- ABOUT THIS TASK -
What you produce should be the lines from the line containing "White oak floating" through the last line below, both ends included, reproduced exactly and without pictures.

- SOURCE DATA -

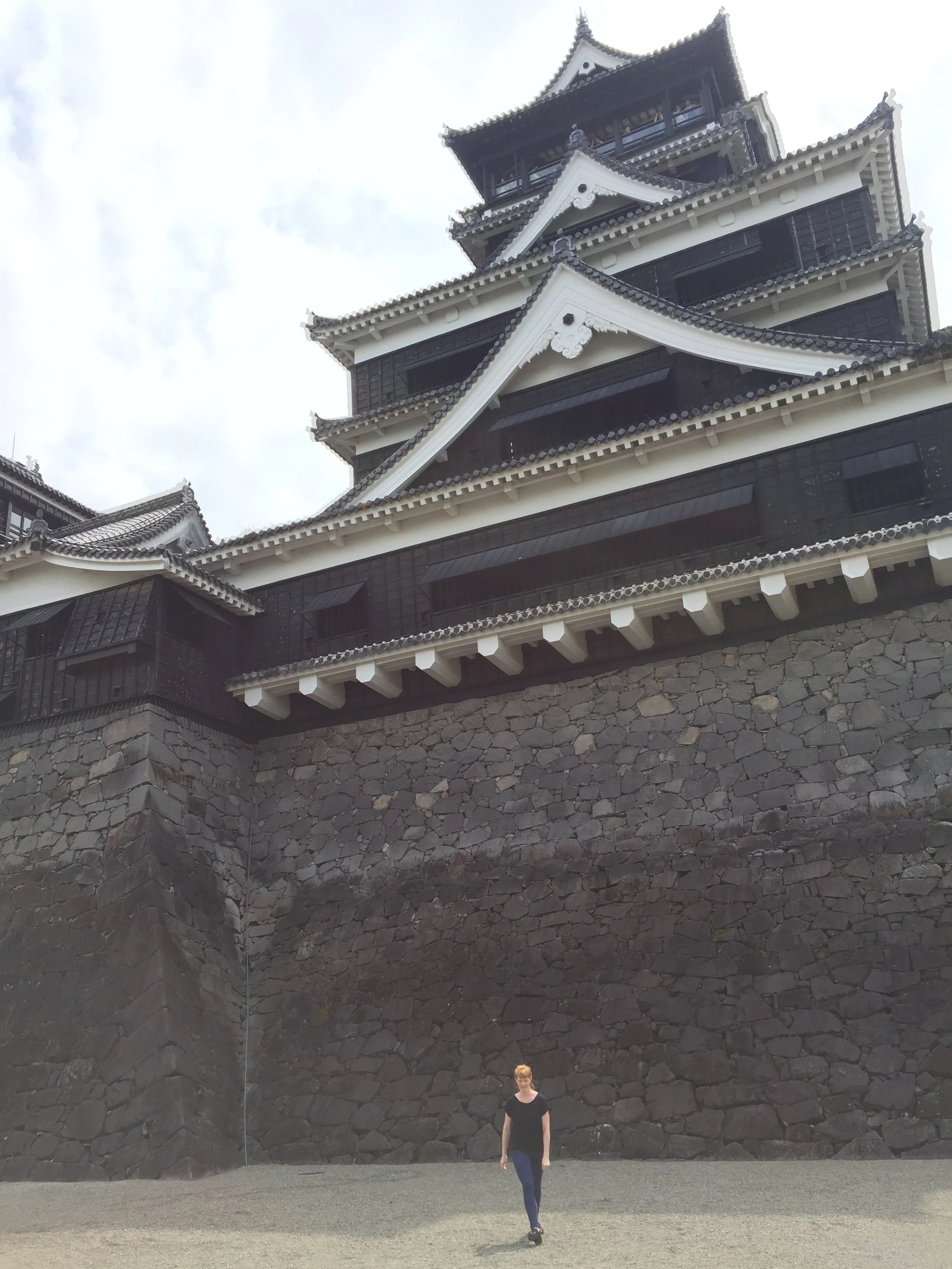 A person walking in front of a traditional Japanese castle with dark black walls, white detailing, multiple tiers, eaves, and a stone foundation.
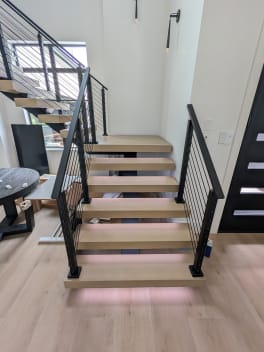 White oak floating treads with LED underglow and black cable railing on both sides in a modern stairwell.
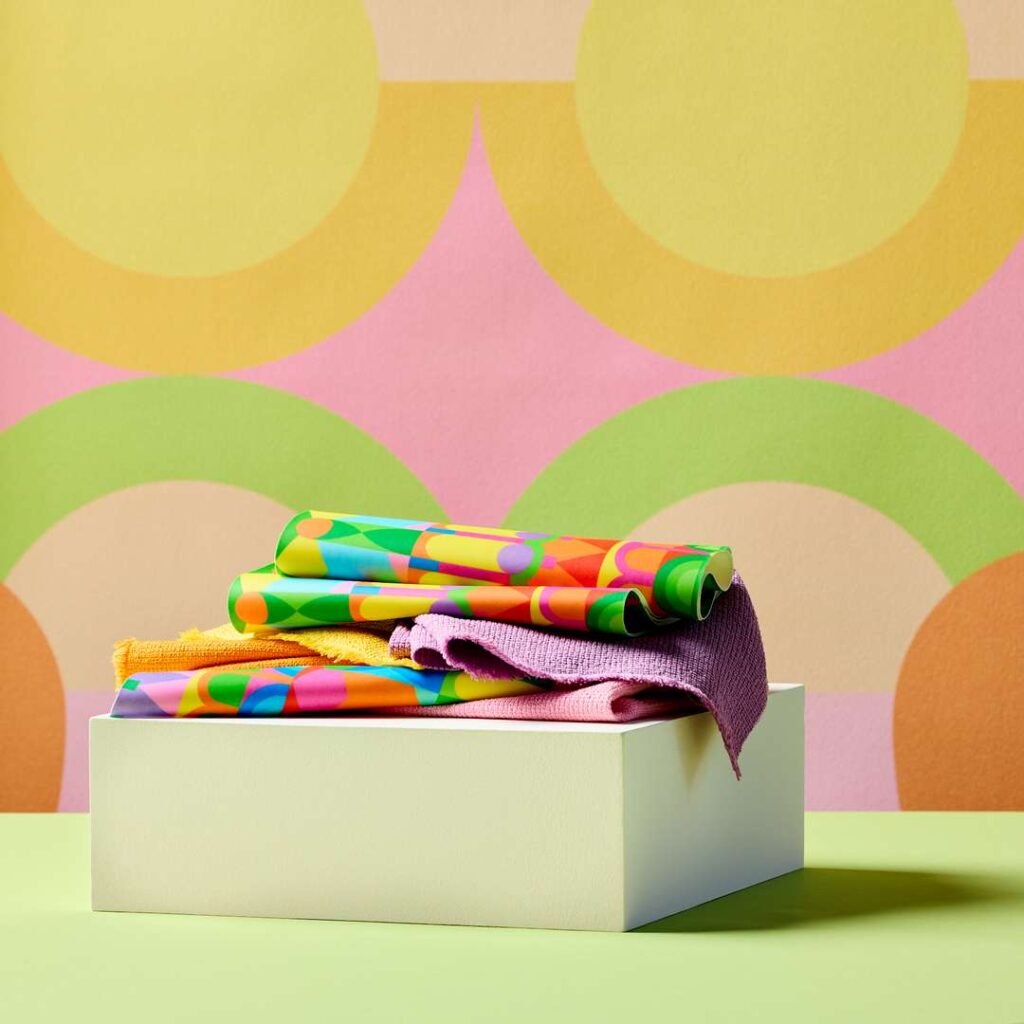 A vibrant box of colorful cloths placed on a lively wall.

- ANSWER FOR THIS EXERCISE -
 White oak floating treads with LED underglow and black cable railing on both sides in a modern stairwell.
 A vibrant box of colorful cloths placed on a lively wall.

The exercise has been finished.